Top of RECORDS FOR THIS EXERCISE

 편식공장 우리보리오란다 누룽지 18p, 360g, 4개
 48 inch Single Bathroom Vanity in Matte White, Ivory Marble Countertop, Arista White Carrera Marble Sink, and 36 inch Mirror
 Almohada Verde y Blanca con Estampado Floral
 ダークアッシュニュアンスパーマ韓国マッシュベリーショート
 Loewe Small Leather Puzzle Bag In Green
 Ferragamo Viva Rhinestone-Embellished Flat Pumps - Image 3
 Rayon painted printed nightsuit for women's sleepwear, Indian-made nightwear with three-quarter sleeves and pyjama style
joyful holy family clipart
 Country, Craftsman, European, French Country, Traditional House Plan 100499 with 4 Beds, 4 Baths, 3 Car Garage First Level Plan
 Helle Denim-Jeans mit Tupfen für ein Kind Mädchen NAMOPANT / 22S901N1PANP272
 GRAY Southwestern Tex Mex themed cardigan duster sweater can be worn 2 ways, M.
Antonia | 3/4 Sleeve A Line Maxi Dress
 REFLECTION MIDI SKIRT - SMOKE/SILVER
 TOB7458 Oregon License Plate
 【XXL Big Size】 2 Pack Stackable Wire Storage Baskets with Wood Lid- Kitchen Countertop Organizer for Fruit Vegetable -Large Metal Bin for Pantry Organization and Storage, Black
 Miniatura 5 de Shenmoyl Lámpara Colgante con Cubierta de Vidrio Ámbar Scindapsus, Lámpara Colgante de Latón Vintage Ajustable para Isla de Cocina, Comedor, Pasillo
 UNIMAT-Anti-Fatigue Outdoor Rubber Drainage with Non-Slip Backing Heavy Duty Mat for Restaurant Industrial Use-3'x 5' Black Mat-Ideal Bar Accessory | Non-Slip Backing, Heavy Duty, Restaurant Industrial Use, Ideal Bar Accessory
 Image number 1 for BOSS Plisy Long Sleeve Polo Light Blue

Bottom of RECORDS FOR THIS EXERCISE

§ WHAT YOU ARE ASKED TO DO: Copy all lines of the records that have the string "with" in them.

§ SOLUTION TO THIS PROBLEM:
 Rayon painted printed nightsuit for women's sleepwear, Indian-made nightwear with three-quarter sleeves and pyjama style
 Country, Craftsman, European, French Country, Traditional House Plan 100499 with 4 Beds, 4 Baths, 3 Car Garage First Level Plan
 【XXL Big Size】 2 Pack Stackable Wire Storage Baskets with Wood Lid- Kitchen Countertop Organizer for Fruit Vegetable -Large Metal Bin for Pantry Organization and Storage, Black
 UNIMAT-Anti-Fatigue Outdoor Rubber Drainage with Non-Slip Backing Heavy Duty Mat for Restaurant Industrial Use-3'x 5' Black Mat-Ideal Bar Accessory | Non-Slip Backing, Heavy Duty, Restaurant Industrial Use, Ideal Bar Accessory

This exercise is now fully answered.